### Information shown
__________

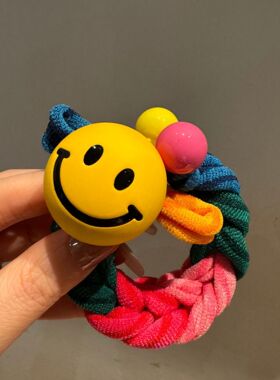 厉嘉琪同款发绳可爱笑脸多巴胺彩色发圈发饰高马尾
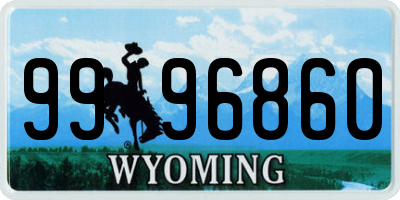 WY license plate 9996860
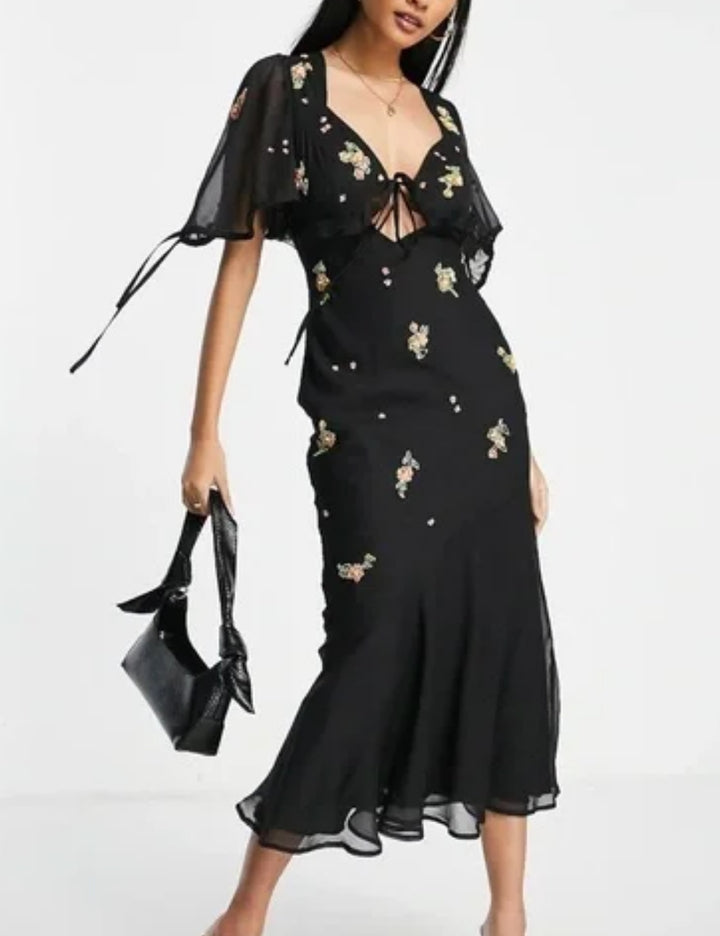 ASOS fekete midi ruha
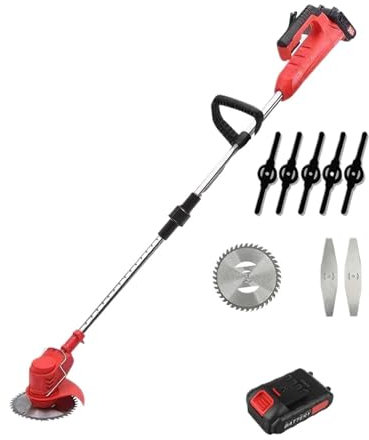 SMTYXS Tosaerba Elettrico Portatile da 850 W, Tagliabordi Elettrico, 18000 Giri/min, Decespugliatore da Giardino Pieghevole, Utensile Elettrico for Batteria da 18 V(with 1XBattery)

__________

### Task directions
Everything from the line with "WY license plate 9996860" through the last line above should be reproduced exactly, both ends included; pictures must be omitted.

### Answer to this exercise
 WY license plate 9996860
 ASOS fekete midi ruha
 SMTYXS Tosaerba Elettrico Portatile da 850 W, Tagliabordi Elettrico, 18000 Giri/min, Decespugliatore da Giardino Pieghevole, Utensile Elettrico for Batteria da 18 V(with 1XBattery)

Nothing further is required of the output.